If you want to know the answers to both questions, split it into two separate asks. Then be prepared for the answers.
Balance your answer choices
A balanced choice of answers swings the gamut from Awful to Below Average to Average to Great, depending on your question. But if you only offer Very Helpful, Helpful, or Neither Helpful nor Unhelpful, you’re limiting their answer to something that might be more positive than you intended.
Think of your answer choices as a continuum between two opposite answers or opinions. Many people will fall somewhere in between, so you need to offer choices along the rating scale continuum.
An absolute is a qualifier that leaves no wiggle room, such as “never,” “always,” “every,” etc. Consider the question, “Does your child always ride the bus?” with the answer a simple “yes” or “no.” What if a child usually — but not always — rides the bus? Even kids who almost always ride the bus sometimes miss the bus or have a big project they need to take in, so their parent drives them to school. Parents may find any number of reasons the bus isn’t always the primary source of school transportation. But if they answer “no,” it doesn’t take into consideration that their kids do ride the bus most often. Using absolute qualifiers means the answers you get aren’t completely accurate, which means they’re less useful in decision-making.

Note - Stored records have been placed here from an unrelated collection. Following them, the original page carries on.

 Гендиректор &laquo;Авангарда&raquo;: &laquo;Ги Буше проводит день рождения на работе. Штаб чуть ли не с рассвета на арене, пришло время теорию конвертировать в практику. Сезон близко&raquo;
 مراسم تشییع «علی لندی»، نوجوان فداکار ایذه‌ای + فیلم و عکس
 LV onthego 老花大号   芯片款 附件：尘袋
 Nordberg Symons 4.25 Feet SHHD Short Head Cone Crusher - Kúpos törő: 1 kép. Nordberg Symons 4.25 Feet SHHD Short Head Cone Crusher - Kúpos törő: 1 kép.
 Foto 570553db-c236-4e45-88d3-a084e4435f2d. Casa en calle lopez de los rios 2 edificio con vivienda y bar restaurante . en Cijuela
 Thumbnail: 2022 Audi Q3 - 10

As you’re designing your survey, consider how to prioritize the participant experience. How would you feel about receiving that survey — let alone responding to it? After all of your efforts, if the intended participants don’t respond, nothing else matters. Make the most of every question, and if you’re not an expert, call in back-up or simply do your own research! The Pew Research Center, an eminent leader in conducting surveys, has a great article on writing survey questions, if you’d like more information.
If you want to call in the experts for survey design services, you can, but the tips above will help you uncover what you really need to know with your surveys. As long as you keep them short, pertinent, and offer respondents balanced choices for answers, you’re well on your way to both quantitative and qualitative answers to help you nail your back-to-school plans. Imagine the beginning of next school year: happy teachers, parents, students, staff, and more. Does that sound impossible? You won’t know if you don’t try.